Top of Dataset records

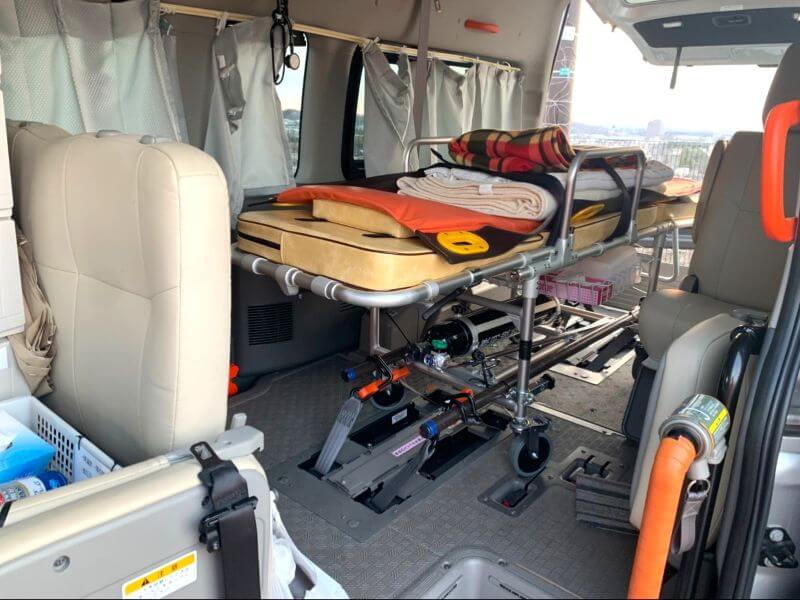 介護車両キャラバンストレッチャー乗車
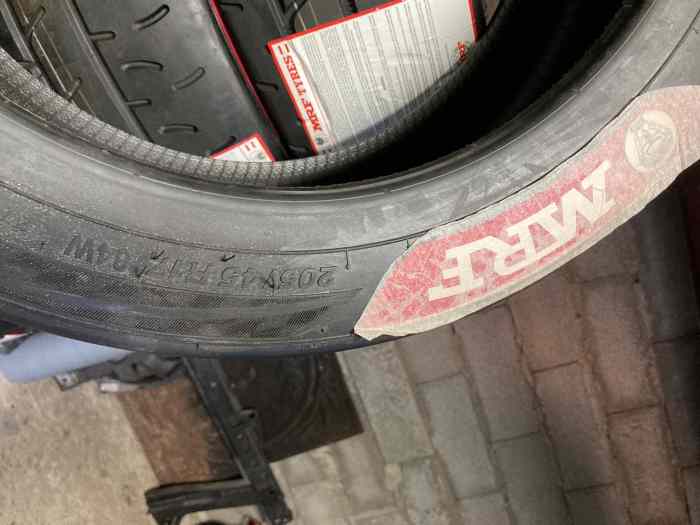 PNEUS RALLYE 17 POUCES MRF ZTA 1 MEDIUM (IDEM 21) 205/45 R17 / 19/62/17 2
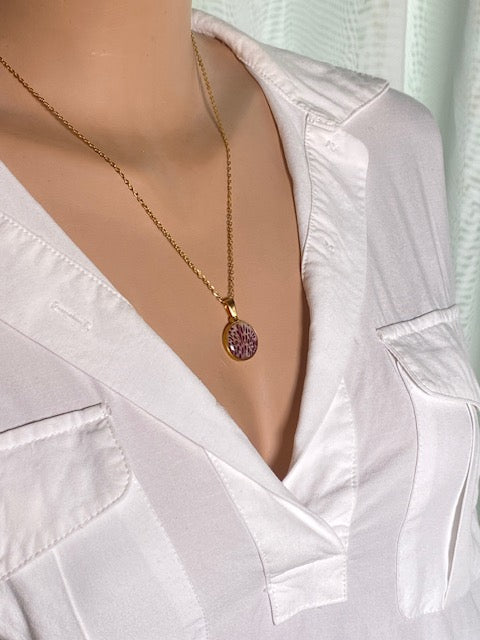 Azalea bloemketting in gold plated hanger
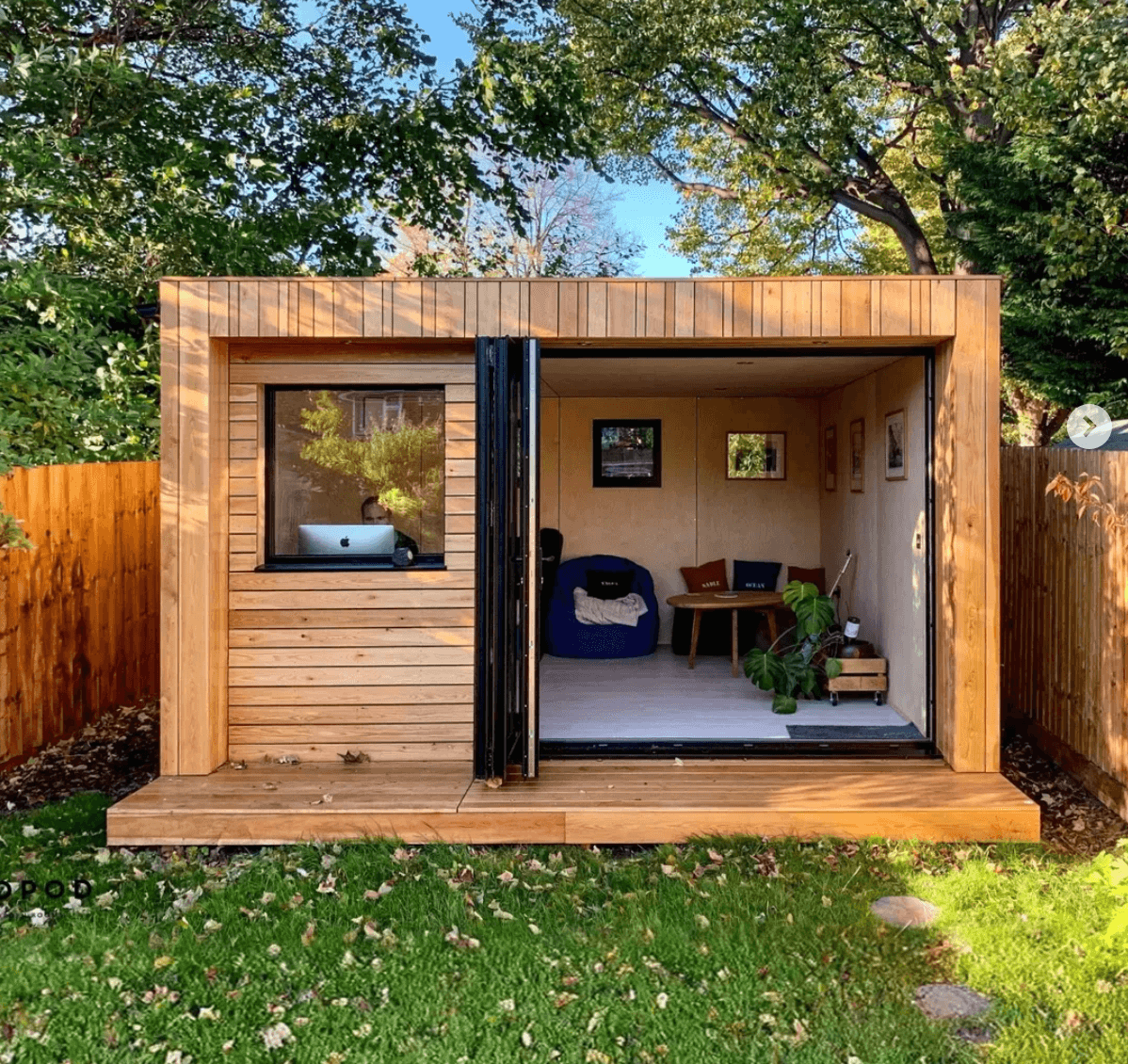 Backyard Living Inspiration - Multifunctional Space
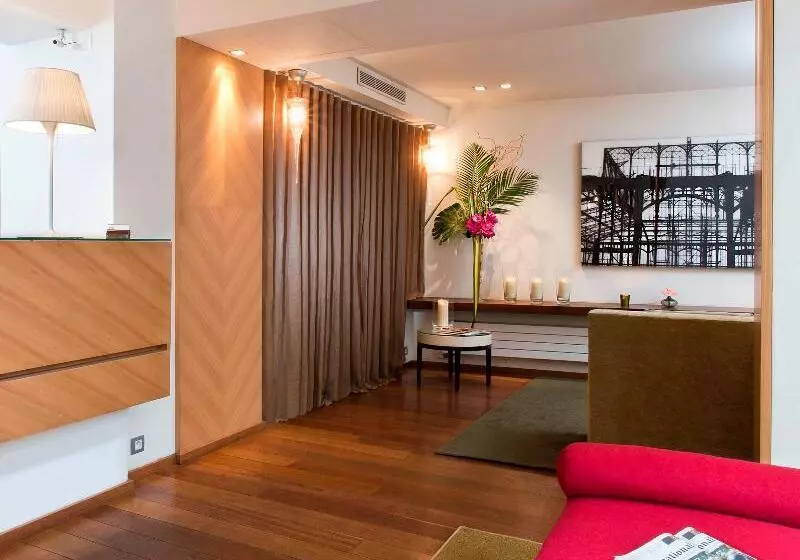 Fotos del hotel Hôtel Le Colisée:  22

Bottom of Dataset records

- Task brief -
An exact reproduction of every record above is required, with no pictures included.

- Output -
 介護車両キャラバンストレッチャー乗車
 PNEUS RALLYE 17 POUCES MRF ZTA 1 MEDIUM (IDEM 21) 205/45 R17 / 19/62/17 2
 Azalea bloemketting in gold plated hanger
 Backyard Living Inspiration - Multifunctional Space
 Fotos del hotel Hôtel Le Colisée:  22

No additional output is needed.